● Prompt
The lines below, from the first through the one containing "Street Retro Pleated Rivet Shorts", are to be given again exactly, with pictures left out and nothing added.

● Dataset extract
----------

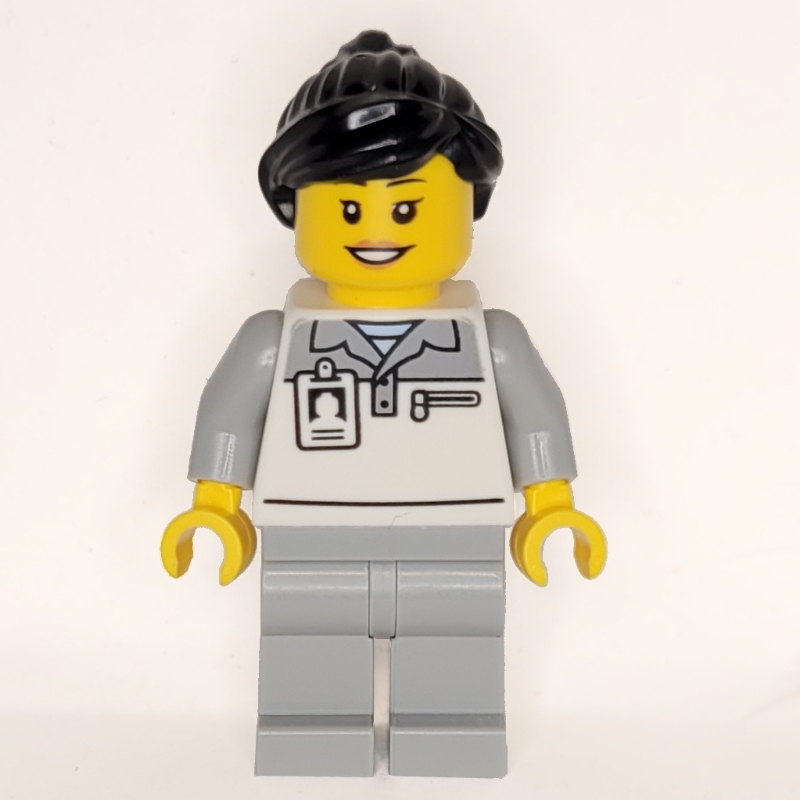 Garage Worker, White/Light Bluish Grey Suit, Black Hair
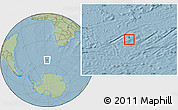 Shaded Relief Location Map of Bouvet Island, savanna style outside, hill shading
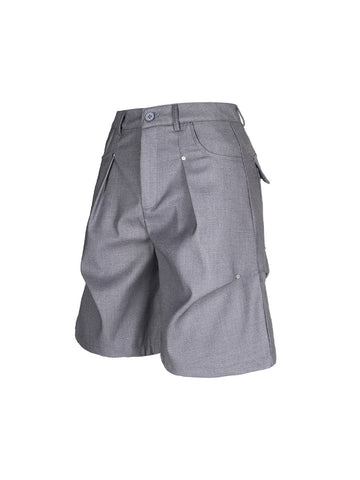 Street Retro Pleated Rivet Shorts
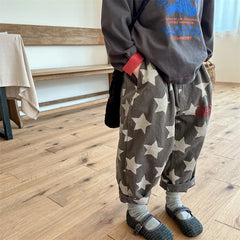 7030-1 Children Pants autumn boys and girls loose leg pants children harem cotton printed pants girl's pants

----------

● Response for this exercise
 Garage Worker, White/Light Bluish Grey Suit, Black Hair
 Shaded Relief Location Map of Bouvet Island, savanna style outside, hill shading
 Street Retro Pleated Rivet Shorts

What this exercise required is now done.